Following my post from earlier this week, the need to prioritize across the federal government is gaining tracking as the economic crisis continues to impact acquisition programs. The biggest target for cuts could come at DoD, warned defense analysts earlier this week. These cuts are expected to hit the Air Force particularly hard.
…With a national budget debt of $1 trillion for 2009, lawmakers will look at defense spending as a place to cut costs, Thompson predicted. Because they can’t trim military pay and benefits or operations costs, lawmakers will focus on acquisition programs to trim and cancel.
For the Air Force, that means buying fewer F-22 Raptors, F-35 Lightning IIs and delaying plans to deliver a new bomber in 2018. Navy, Army and Marine programs will suffer similar setbacks, Thompson said.

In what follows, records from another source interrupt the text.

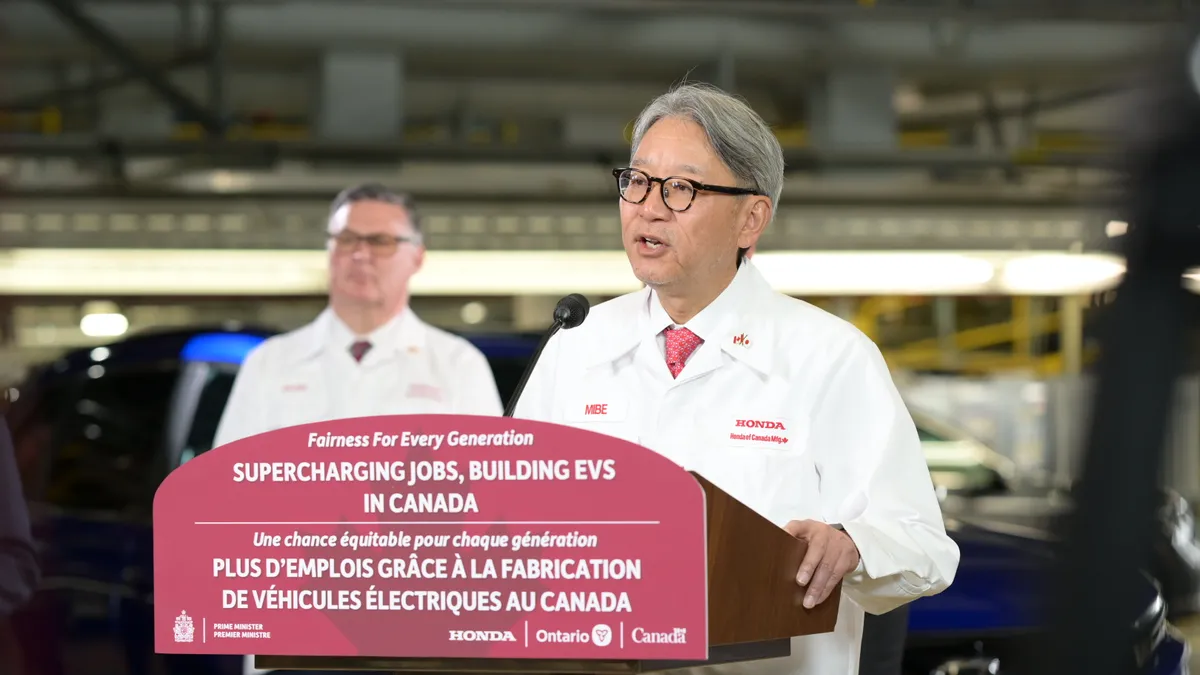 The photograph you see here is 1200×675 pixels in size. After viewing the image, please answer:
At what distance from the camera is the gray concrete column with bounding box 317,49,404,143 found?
5.91 m

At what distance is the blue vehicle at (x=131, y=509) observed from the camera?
10.5ft

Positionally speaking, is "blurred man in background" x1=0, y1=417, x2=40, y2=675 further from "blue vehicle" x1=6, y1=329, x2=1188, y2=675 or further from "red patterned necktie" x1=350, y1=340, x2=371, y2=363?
"red patterned necktie" x1=350, y1=340, x2=371, y2=363

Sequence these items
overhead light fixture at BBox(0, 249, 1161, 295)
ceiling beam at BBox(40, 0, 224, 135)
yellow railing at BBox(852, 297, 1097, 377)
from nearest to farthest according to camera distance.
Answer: ceiling beam at BBox(40, 0, 224, 135)
overhead light fixture at BBox(0, 249, 1161, 295)
yellow railing at BBox(852, 297, 1097, 377)

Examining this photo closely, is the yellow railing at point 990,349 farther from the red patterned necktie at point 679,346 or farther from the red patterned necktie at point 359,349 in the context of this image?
the red patterned necktie at point 679,346

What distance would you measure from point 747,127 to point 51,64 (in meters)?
5.74

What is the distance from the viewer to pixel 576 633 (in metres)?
1.27

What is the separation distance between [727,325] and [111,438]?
2367 millimetres

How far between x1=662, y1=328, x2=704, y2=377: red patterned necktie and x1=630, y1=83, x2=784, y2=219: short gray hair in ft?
0.75

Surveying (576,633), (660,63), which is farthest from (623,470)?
(660,63)

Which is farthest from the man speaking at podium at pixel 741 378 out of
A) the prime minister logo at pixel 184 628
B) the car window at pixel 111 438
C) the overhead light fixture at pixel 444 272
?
the overhead light fixture at pixel 444 272

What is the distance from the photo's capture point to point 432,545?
Answer: 1305mm

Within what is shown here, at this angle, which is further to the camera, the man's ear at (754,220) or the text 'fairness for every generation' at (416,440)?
the man's ear at (754,220)

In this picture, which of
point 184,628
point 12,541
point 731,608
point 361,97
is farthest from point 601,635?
point 361,97

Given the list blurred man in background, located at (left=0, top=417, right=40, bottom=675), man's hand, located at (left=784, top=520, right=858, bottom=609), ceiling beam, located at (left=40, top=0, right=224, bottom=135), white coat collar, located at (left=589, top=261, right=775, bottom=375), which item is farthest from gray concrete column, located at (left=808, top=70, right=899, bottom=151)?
man's hand, located at (left=784, top=520, right=858, bottom=609) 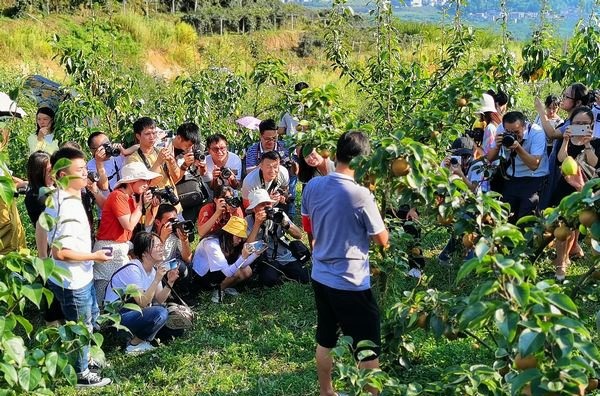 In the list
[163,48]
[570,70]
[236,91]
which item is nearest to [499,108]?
[570,70]

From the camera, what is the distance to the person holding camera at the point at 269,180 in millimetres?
4910

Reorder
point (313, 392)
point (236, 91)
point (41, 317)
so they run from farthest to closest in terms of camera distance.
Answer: point (236, 91) < point (41, 317) < point (313, 392)

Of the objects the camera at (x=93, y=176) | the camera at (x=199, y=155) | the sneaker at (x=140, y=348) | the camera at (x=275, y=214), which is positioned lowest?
the sneaker at (x=140, y=348)

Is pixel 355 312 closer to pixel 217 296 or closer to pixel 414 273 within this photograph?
pixel 414 273

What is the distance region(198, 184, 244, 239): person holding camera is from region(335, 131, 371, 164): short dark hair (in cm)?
192

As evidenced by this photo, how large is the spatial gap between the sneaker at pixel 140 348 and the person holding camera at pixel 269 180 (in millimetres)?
1296

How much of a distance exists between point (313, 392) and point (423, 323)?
3.96ft

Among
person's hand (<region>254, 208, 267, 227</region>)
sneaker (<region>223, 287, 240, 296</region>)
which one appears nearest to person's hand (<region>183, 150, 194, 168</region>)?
person's hand (<region>254, 208, 267, 227</region>)

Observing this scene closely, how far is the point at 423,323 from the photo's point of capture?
2.54 metres

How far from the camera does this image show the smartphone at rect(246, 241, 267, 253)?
475 cm

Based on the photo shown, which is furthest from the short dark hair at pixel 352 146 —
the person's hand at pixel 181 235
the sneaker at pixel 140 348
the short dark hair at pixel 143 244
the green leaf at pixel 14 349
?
the person's hand at pixel 181 235

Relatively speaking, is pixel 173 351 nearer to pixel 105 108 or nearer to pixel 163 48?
pixel 105 108

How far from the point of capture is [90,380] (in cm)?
368

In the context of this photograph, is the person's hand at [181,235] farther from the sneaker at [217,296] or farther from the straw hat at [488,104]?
the straw hat at [488,104]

Axing Air Force acquisition plans would come at a bad time for the service…
Much like the Big 3 U.S. auto makers who bet the farm on a short-sided business model of building gas-guzzling SUVs in conjunction with the misguided understanding that cheap gasoline prices would continue in perpetuity, the Air Force also miscalculated their needs with economic realities that did not exist.
…During the 1990s, the Air Force decided against purchasing large quantities of additional F-15 Eagles and F-16 Fighting Falcons because the service was waiting to field stealthy F-22s and F-35s, said Rebecca Grant, director of the Air Force Association’s Mitchell Institute.

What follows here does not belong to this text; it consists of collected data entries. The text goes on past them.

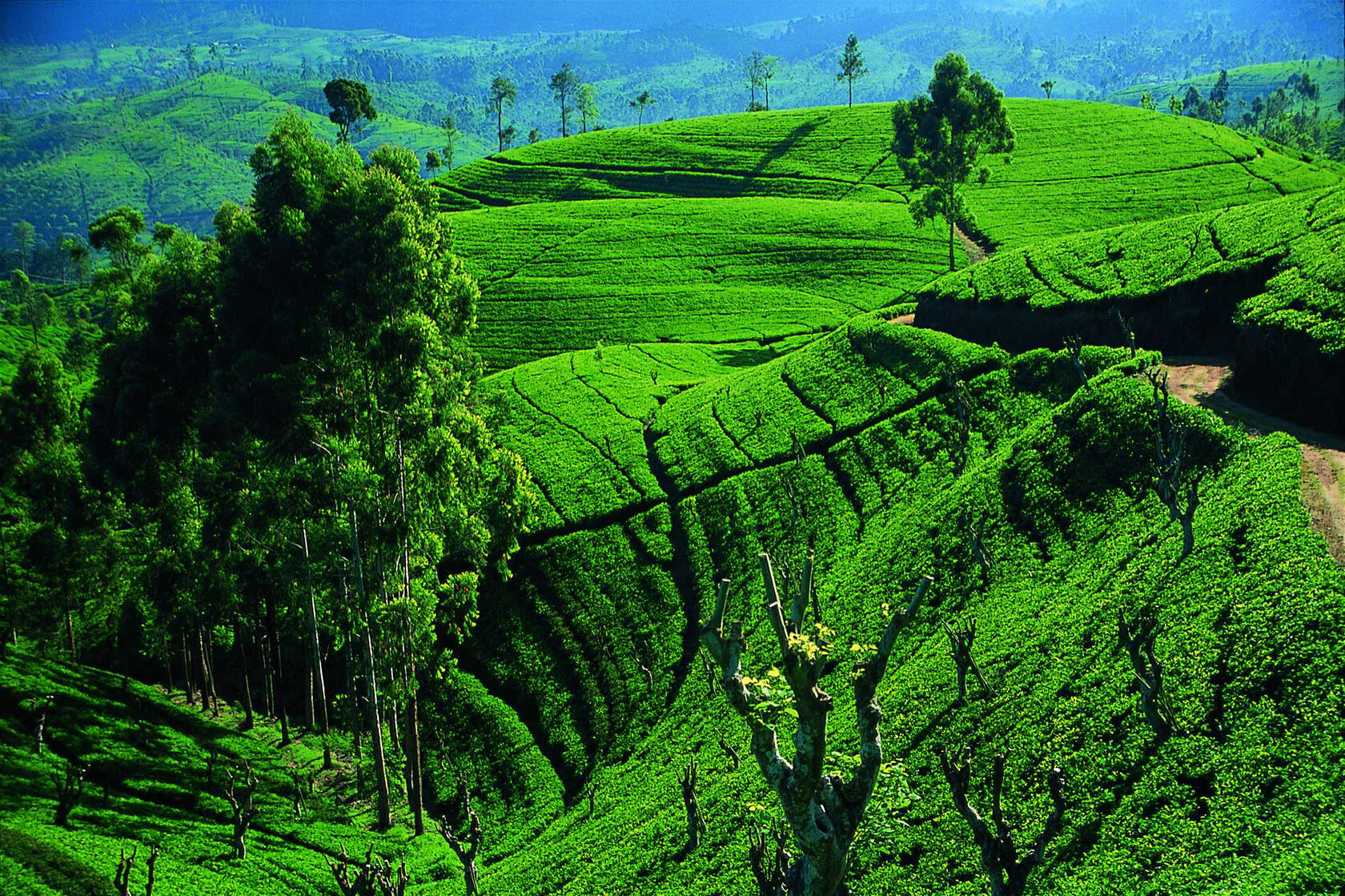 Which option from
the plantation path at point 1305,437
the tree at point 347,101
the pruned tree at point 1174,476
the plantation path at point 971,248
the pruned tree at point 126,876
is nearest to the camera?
the pruned tree at point 126,876

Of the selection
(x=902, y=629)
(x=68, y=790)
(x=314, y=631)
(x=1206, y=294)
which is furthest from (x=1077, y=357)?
(x=68, y=790)

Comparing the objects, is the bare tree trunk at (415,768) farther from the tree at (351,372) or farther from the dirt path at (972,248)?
the dirt path at (972,248)

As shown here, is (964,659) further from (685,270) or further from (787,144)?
(787,144)

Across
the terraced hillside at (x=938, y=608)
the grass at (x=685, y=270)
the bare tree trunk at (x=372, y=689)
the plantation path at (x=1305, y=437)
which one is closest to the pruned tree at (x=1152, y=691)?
the terraced hillside at (x=938, y=608)

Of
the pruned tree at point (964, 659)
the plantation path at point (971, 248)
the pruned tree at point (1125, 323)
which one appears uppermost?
the plantation path at point (971, 248)

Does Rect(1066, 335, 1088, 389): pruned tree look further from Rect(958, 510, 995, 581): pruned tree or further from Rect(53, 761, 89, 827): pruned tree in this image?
Rect(53, 761, 89, 827): pruned tree

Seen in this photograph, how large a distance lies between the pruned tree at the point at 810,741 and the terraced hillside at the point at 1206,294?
28059 mm

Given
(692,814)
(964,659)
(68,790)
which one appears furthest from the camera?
(692,814)

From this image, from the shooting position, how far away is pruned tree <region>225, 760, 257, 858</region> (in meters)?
28.1

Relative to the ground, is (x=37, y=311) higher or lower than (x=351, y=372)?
lower

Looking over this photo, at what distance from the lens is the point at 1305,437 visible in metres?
32.3

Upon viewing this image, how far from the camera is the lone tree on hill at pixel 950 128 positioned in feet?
258

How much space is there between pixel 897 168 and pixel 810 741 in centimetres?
11132

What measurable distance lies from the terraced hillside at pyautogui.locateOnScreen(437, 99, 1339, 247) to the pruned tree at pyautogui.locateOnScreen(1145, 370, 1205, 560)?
54157 mm
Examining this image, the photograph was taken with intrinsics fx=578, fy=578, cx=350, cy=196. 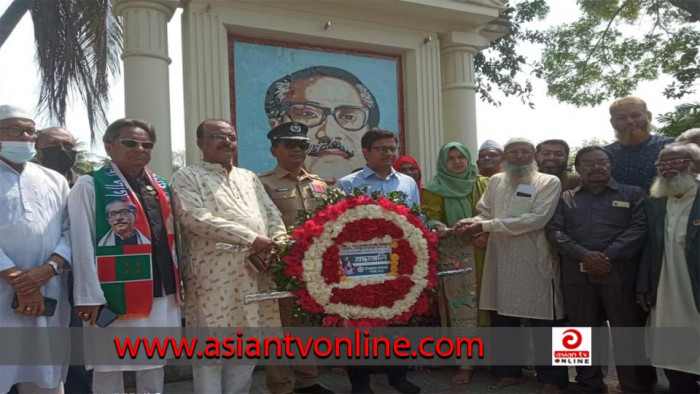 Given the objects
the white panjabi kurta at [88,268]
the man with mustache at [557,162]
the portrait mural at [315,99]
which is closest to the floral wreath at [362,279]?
the white panjabi kurta at [88,268]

Higher-than-expected development costs and delays left the Air Force with contracts to buy 187 F-22s, far fewer than commanders wanted. The F-35 is still in the testing phase.
The result is that today, 56 percent of the 1,404 fighters in active-duty units have been flying for 18 years or more, Grant said. All Air National Guard and Air Force Reserve planes have flown for more than 18 years…
Again like the Big 3, the Air Force realized their miscalculation too late, and find themselves in a difficult situation where tough choices will need to be made about the numbers of aircraft to buy, which ones will continue to be funded, and which programs will have to be cut or possibly terminated.
Retired Gen. Gregory “Speedy” Martin, who headed Air Force Materiel Command and U.S. Air Forces in Europe, said that in retrospect the Air Force should have continued to buy small numbers of F-15s and F-16s until stealth fighters arrived. That would have kept the fighter fleet from aging and provide a bridge between two generations of aircraft.
The drumbeats continued as the GAO report on this topic also came out this week.
…At the strategic level, DOD’s processes for identifying warfighter needs, allocating resources, and developing and procuring weapon systems, which together define the department’s overall weapon system investment strategy, are fragmented. As a result, DOD fails to balance the competing needs of the services with those of the joint warfighter and commits to more programs than resources can support…
Although the Air Force seems to be the biggest target because of the competing budgetary demands of its large aircraft programs (F-22, KC-X, F-35, etc.), the Navy and Marines should also see scrutiny in their programs, in addition to the Future Combat System for the Army. The GAO report outlines the 95 large acquisition programs that are a Who’s-Who of programs that are at risk and will come under the microscope as the nation continues to face a tough fight for resources, balanced with prioritizing needs to ensure the warfighters get the support they deserve.